As an aid to writing iterator classes, the original standard library supplied the iterator class template to automate the declaration of the five typedefs expected of every iterator by iterator_traits. This was then used in the library itself, for instance in the specification of std::ostream_iterator
:
template <class T, class charT = char, class traits = char_traits<charT> >
class ostream_iterator:
public iterator<output_iterator_tag, void, void, void, void>;
The long sequence of void
arguments is much less clear to the reader than simply providing the expected typedefs in the class definition itself, which is the approach taken by the current working draft, following the pattern set in C++14 where we deprecated the derivation throughout the library of functors from unary_function
and binary_function
.
In addition to the reduced clarity, the iterator template also lays a trap for the unwary, as in typical usage it will be a dependent base class, which means it will not be looking into during name lookup from within the class or its member functions.
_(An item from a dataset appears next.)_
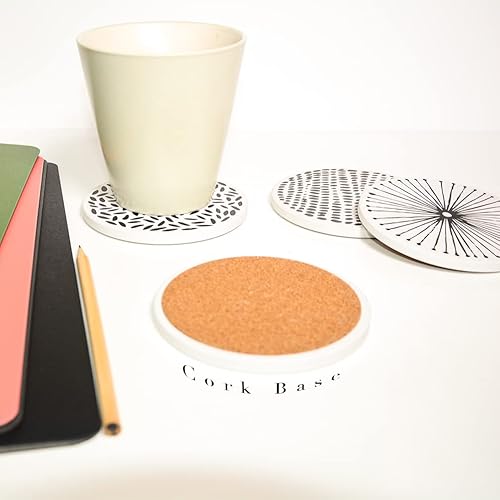 Miniatura 9 de Posavasos para bebidas, juego de 6 posavasos absorbentes, resistentes al calor y al agua, reutilizables, duraderos, platillos para bar, taza de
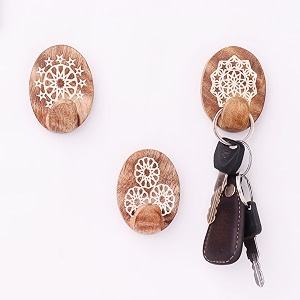 indian-shelf 3 self adhesive mandala wooden wall hooks with 6 strips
This leads to surprised users trying to understand why the following simple usage does not work:
#include <iterator>
template <typename T>
struct MyIterator : std::iterator<std::random_access_iterator_tag, T> {
value_type data; // Error: value_type is not found by name lookup
// ... implementations details elided ...
};
The reason of clarity alone was sufficient to persuade the LWG to update the standard library specification to no longer mandate the standard iterator adapators as deriving from std::iterator
, so there is no further use of this template within the standard itself. Therefore, it looks like a strong candidate for deprecation.
As for some other way of doing it, not really. You could basically implement your own version of std::iterator
(which isn't too hard) or manually write out all of those typedefs (which isn't too hard either, and I actually prefer it for clarity).